Monitoring Aria Automation image based backups for proper quiesced state.
search cancel

Monitoring Aria Automation image based backups for proper quiesced state.

book

Article ID: 379005

calendar_today

Updated On:

Products

VMware Aria Suite

Issue/Introduction

Monitoring Aria Automation image based backups for proper quiesced state

Log Message extraction using various methods

Environment

Aria Automation 8.x

Resolution

Introduction

 

Guidelines for backing up VMware Aria Automation using image/snapshot based backup system. 

  • When you back up a complete system, back up all instances of VMware Aria Automation, and VMware Workspace ONE Access appliance as near simultaneously as possible, preferably within seconds.  The vCenter snapshot task is the first step in the sequence. This snapshot task needs to be scheduled for all 3 nodes. It may be initiated via a 3rd party backup tool or directly via vCenter.
  • Minimize the number of active transactions before you begin a backup. Schedule your regular backup to when your system is least active.
  • When you back up the VMware Aria Automation appliance, disable in-memory snapshots.
  • Enable quiescing (for versions 8.9 and onwards).
  • Create a backup of instances of the VMware Aria Automation appliance when you update the certificates.
  • Make sure you start the snapshots of the second and the third node no more than 40 seconds after the snapshot of the first node starts. After the snapshot task is initiated, VMware Tools initiates a "freeze" script to quiesce the file system across the 3 nodes before the actual snapshot is taken on all 3 nodes.
  • Once the 40 seconds have past, the journal log is updated with status entries. If the quiesced state was not achieved for all 3 nodes, the following 2 outputs will be in the logs: "Freeze synchronization failed" and "Sync failed, making inconsistent snapshot".
  • Do not wait for a snapshot of a node to complete, before you snapshot the next node.
  • Verify if all snapshots are created. 

Note: Main purpose of this document is to validate that the snapshots are synchronized across all the nodes. Currently snapshots will be created successfully even if snaps were not done within the time limit of ~40 seconds

Link to documentation VMware Aria Automation 8.x Preparations for Backing Up

Image above shows high level diagram for Aria Automation snapshot quiesce backup  

 

The Aria Automation Appliance has VMware Tools installed and configured with “vmbackup” enabled and is required to execute freeze scripts.    Additional information can be found in these documentation Links VMware Tools Services , Exclude Specific File Systems from Quiesced Snapshots and Enabling Quiescing for Linux VMs



Aria Automation VMware Tools Configuration and Freeze scripts 

 

  1. When a snapshot is invoked with quiesce and the /etc/vmware-tools/tools.conf file has below set:

 

           [vmbackup]

            execScripts=true

 

Note: With this enabled any scripts in the directory /etc/vmware-tools/backupScripts.d  will be invoked.
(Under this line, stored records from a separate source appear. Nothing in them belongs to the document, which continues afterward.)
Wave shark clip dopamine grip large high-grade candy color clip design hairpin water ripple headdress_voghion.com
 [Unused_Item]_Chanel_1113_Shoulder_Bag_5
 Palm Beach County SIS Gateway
  1. On the Aria Appliances the out of the box script is

          90-freeze-data -> /opt/scripts/freezer-control.py

 

 Note: The freezer-control.py then will call freezer-server.py which will validate the snapshot consistency across all nodes. If all nodes freeze within the allotted time then the script returns 0 for success and a snapshot with quiesce will execute.  If Sync fails then the script will return an exit code of 0 and the freeze will end and the snapshot will still be taken.  Currently the script only logs errors and does not return a failed freeze when a “failed sync” occurs, however the errors are recorded in the journal logs.  In this document, we will show how to extract these logs from the appliances or logging system. 

 

    

Simple flow diagram showing if the freeze script exits with 0 or 1. 
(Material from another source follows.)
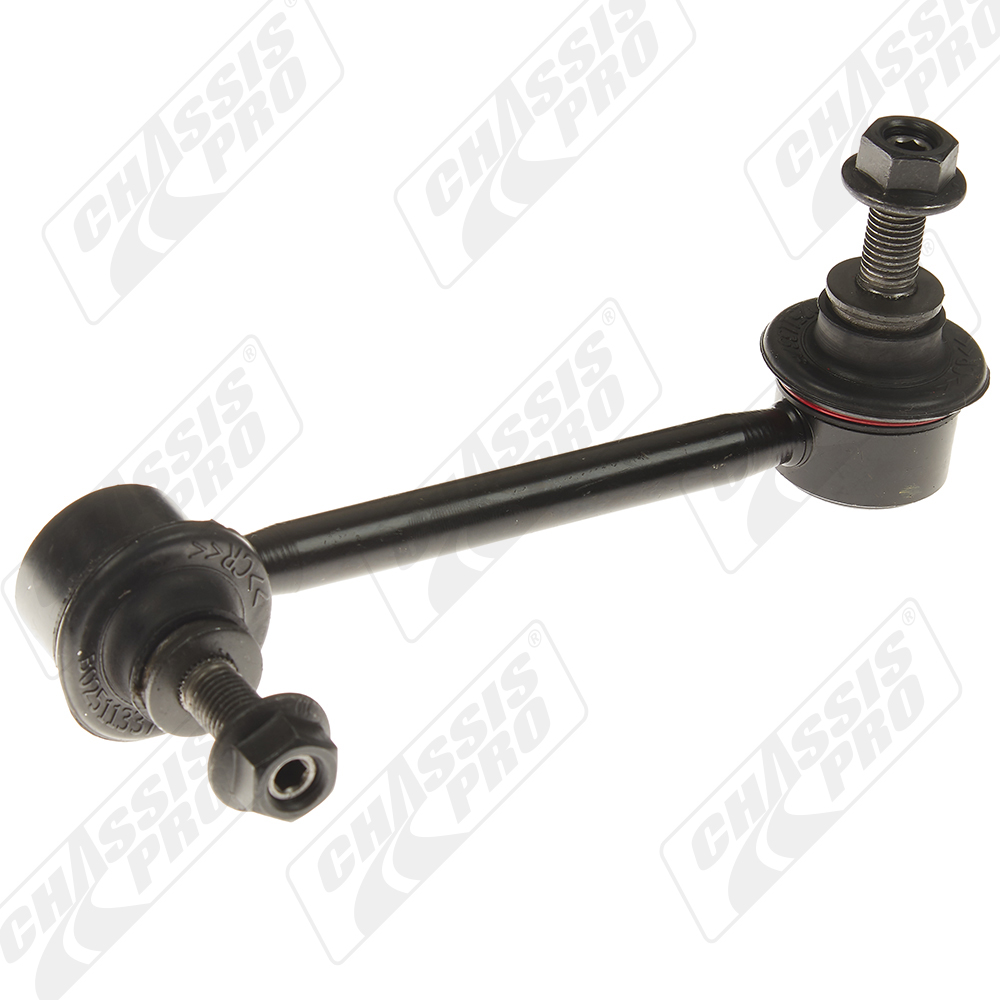 STABILIZER BAR LINK KIT - 2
The images Below show timelines of real examples of snapshot execution for Aria Automation nodes.

Validating Aria Automation Freeze Sync

 

There are a few ways to get the logging information from Aria Automation appliances either directly from the appliances journal logs or from a logging application like VMware Log Insights where the logs are forwarded.  

 

  1. Below I describe three different scripts that use VM Tools to invoke script action on Aria Automation nodes to extract journal logs.  The scripts execute this command to see the logs on the nodes console: 

journalctl --identifier=vmtoolsd --no-pager --output=json --since='2024-05-23 17:25:00’ “ 

 

Note: The only parameter we are passing into this command is the since date which pulls the data from that start time till current time.  The returned message are then searched for the messages:

          freeze synchronization failed

          sync failed, making inconsistent snapshot

 

2.  Query Log Insight using python scripts  

 

Note: These scripts then can be modified and plugged into a backup solution to provide a retry method  or mark the backup image as failed sync and can be found in the zip file Query for Aria Automation Journal logs examples.zip

Guest Scripting (Powershell, Python & vRO)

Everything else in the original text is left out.